» WHAT YOU WILL DO
Could the listing below be returned exactly, with its pictures left out?

» DATASET CONTENT
• • • •

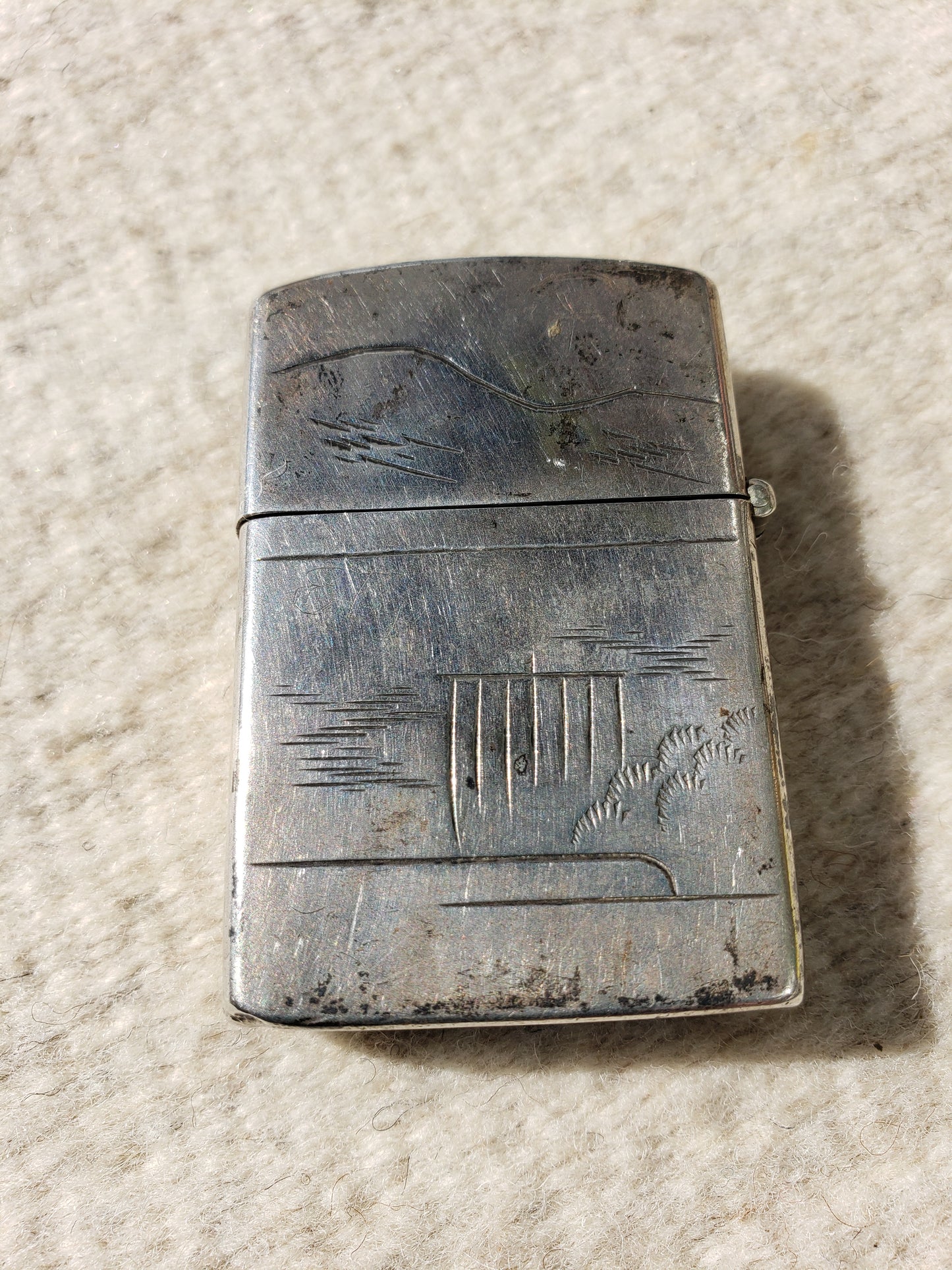 1940 Japanese Mount Fuji lighter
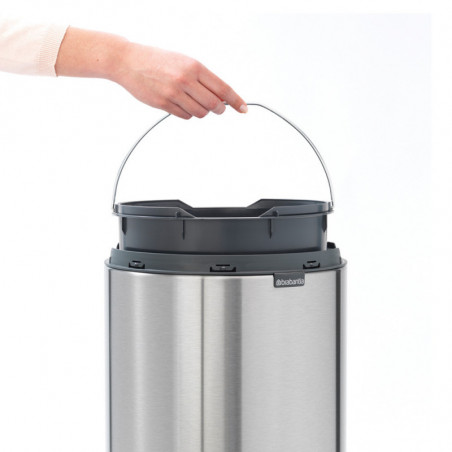 Κάδος Brabantia Touch Bin New 650007, 30 L, αθόρυβο και ομαλό κλείσιμο, γκρι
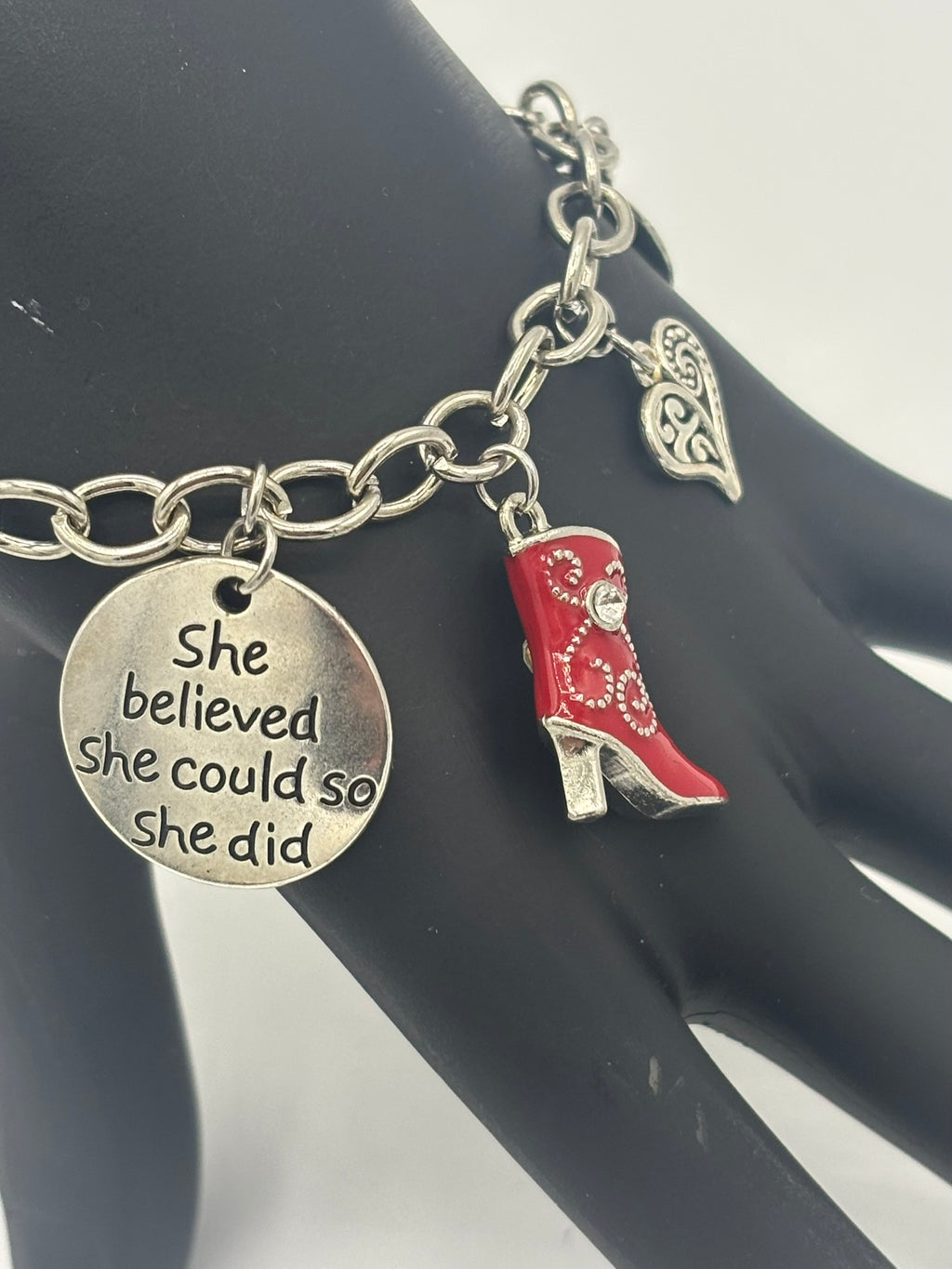 She Believed She Could Toggle Bracelet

• • • •

» FINISHED TASK
 1940 Japanese Mount Fuji lighter
 Κάδος Brabantia Touch Bin New 650007, 30 L, αθόρυβο και ομαλό κλείσιμο, γκρι
 She Believed She Could Toggle Bracelet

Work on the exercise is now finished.